Константин Александрович снова обсыпал себя порошочком… Он обсыпал себя и когда надо было поддержать Паустовского, Тендрякова, Казакевича, Алигер, Бека. «Незамиренных горцев», как он иронически окрестил их.
А сколько было натрушено порошочка, когда потащили на лобное место Александра Солженицына!..
Тут не выдержали даже друзья Федина, знавшие его со времен «Серапионовых братьев» — литературного сообщества, которое, как известно, отвергало государственную опеку. «С кем мы? — демонстративно вопрошали «Серапионовы братья». — Мы с пустынником Серапионом…»
Давненько уж никто из них не клялся в верности Серапиону. Недостреленные «серапионы» жили с Фединым бок о бок и прощали ему многое. В тот час не простили и они.
«Мы знакомы 48 лет, Костя, — гневно написал ему Вениамин Каверин. — В молодости мы были друзьями. Мы вправе судить друг друга. Это больше, чем право, это долг…
Как случилось, что ты не только не поддержал — затоптал «Литературную Москву», альманах, который был необходим нашей литературе? Ведь накануне полуторатысячного собрания писателей в Доме киноактера ты поддерживал это издание. С уже написанной опасно-предательской речью в кармане, ты хвалил нашу работу…

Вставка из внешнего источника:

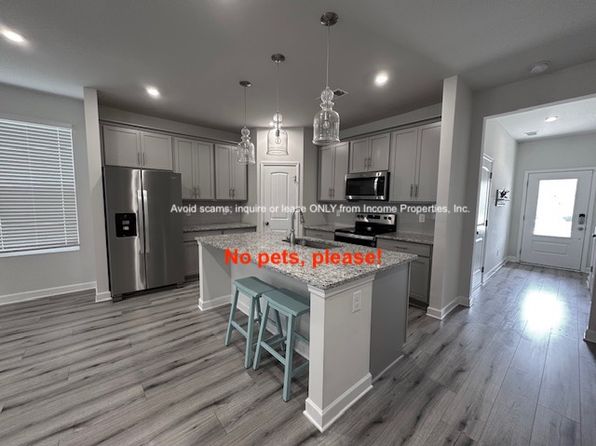 512 Medwyk Dr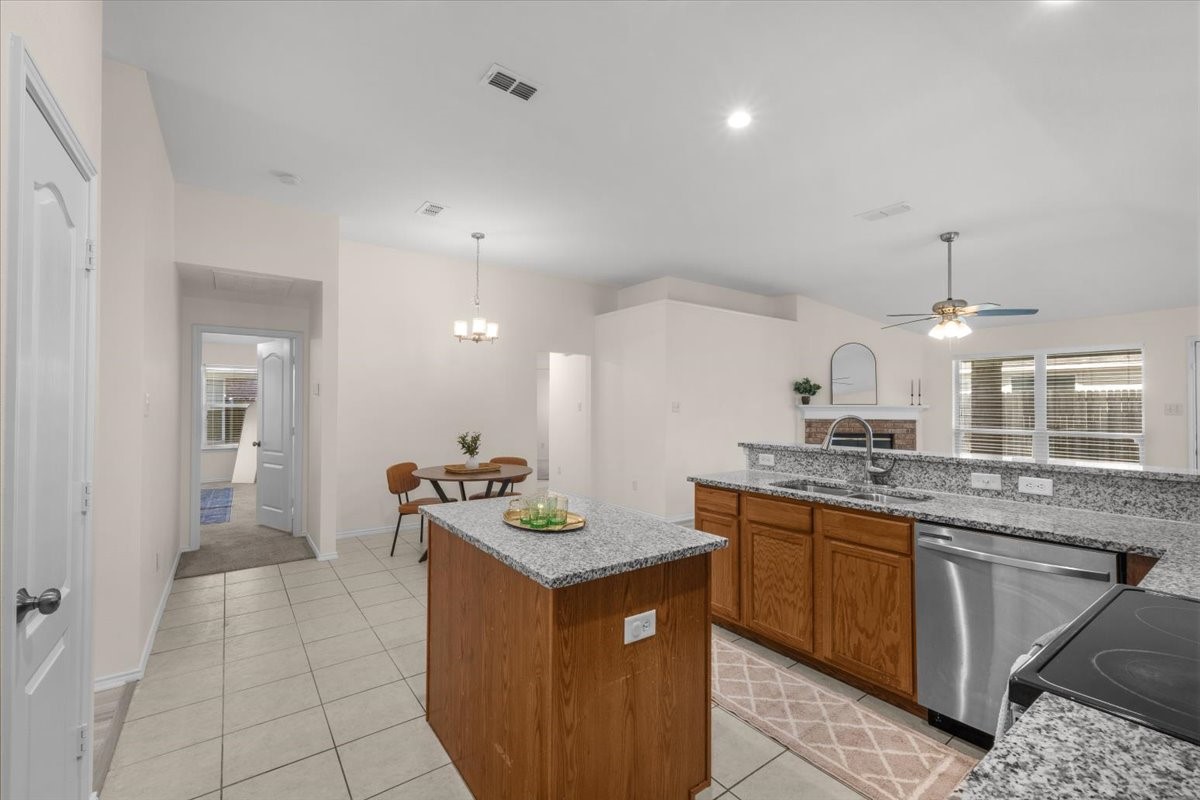 10601 Aransas Drive Fort Worth TX 76131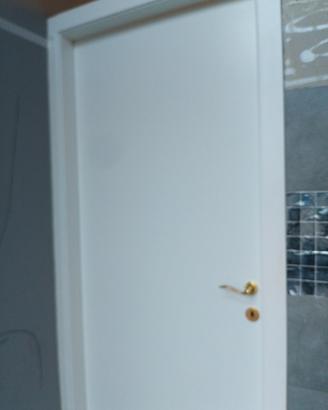 porta bianca semilucida con maniglia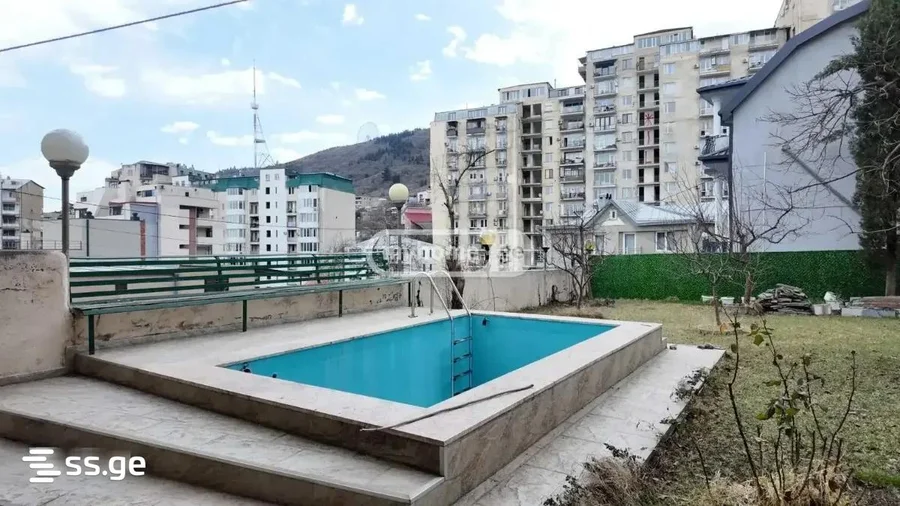 Комната в частном доме. Ваке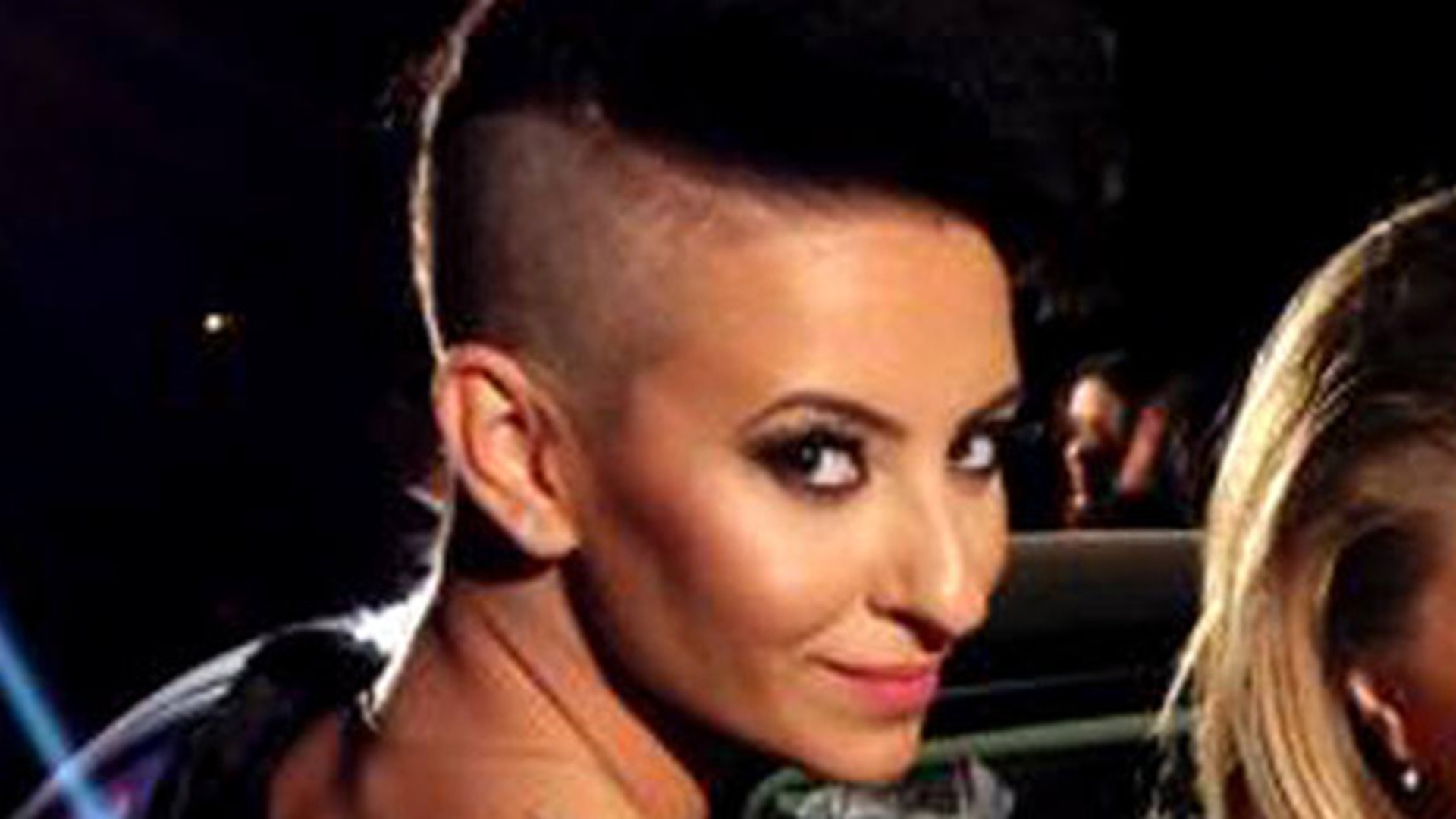 Schimbare spectaculoasă de LOOK! Se vor îndrăgosti toţi de ea! Vezi cum arată acum Giulia Anghelescu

Недаром на 75-летии Паустовского твое имя было встречено полным молчанием. Не буду удивлен, если теперь, после того как по твоему настоянию запрещен уже набранный в «Новом мире» роман Солженицына «Раковый корпус», первое же твое появление перед широкой аудиторией писателей будет встречено свистом и топотом ног… Нет сейчас ни одной редакции, ни одного литературного дома, где не говорили бы, что Марков и Воронков были за опубликование романа и что набор рассыпан только потому, что ты решительно высказался против…
Ты берешь на себя ответственность, не сознавая, по-видимому, всей ее огромности и значения… Ты становишься, может быть, сам того не подозревая, центром недоброжелательства, возмущения, недовольства в литературном кругу…»
Тут неточна, пожалуй, лишь одна фраза: «Сам того не подозревая»…
Константин Александрович «подозревал», как он любим: годами ощущал себя в пустоте, в окружении одних лишь государственных дам, вроде личного биографа Брайниной или главного редактора и цензора писательского издательства Карповой, которые разве что в доме Федина не ощущали на себе презрительных взглядов писателей.
Александр Твардовский, так же как и Каверин, пытавшийся спасти для широкого русского читателя Солженицына, завершил свое предельно сдержанное письмо к Федину словами, исполненными безнадежности: «…Кончаю свое послание, как уже сказал, без особых упований на благоприятный практический его результат».
Когда Константин Федин пишет личные письма под копирку, первый экземпляр — адресату, второй — в ЦГАЛИ (Центральный государственный архив литературы и искусства), когда он этак примеряет себя к истории — это может вызвать лишь улыбку.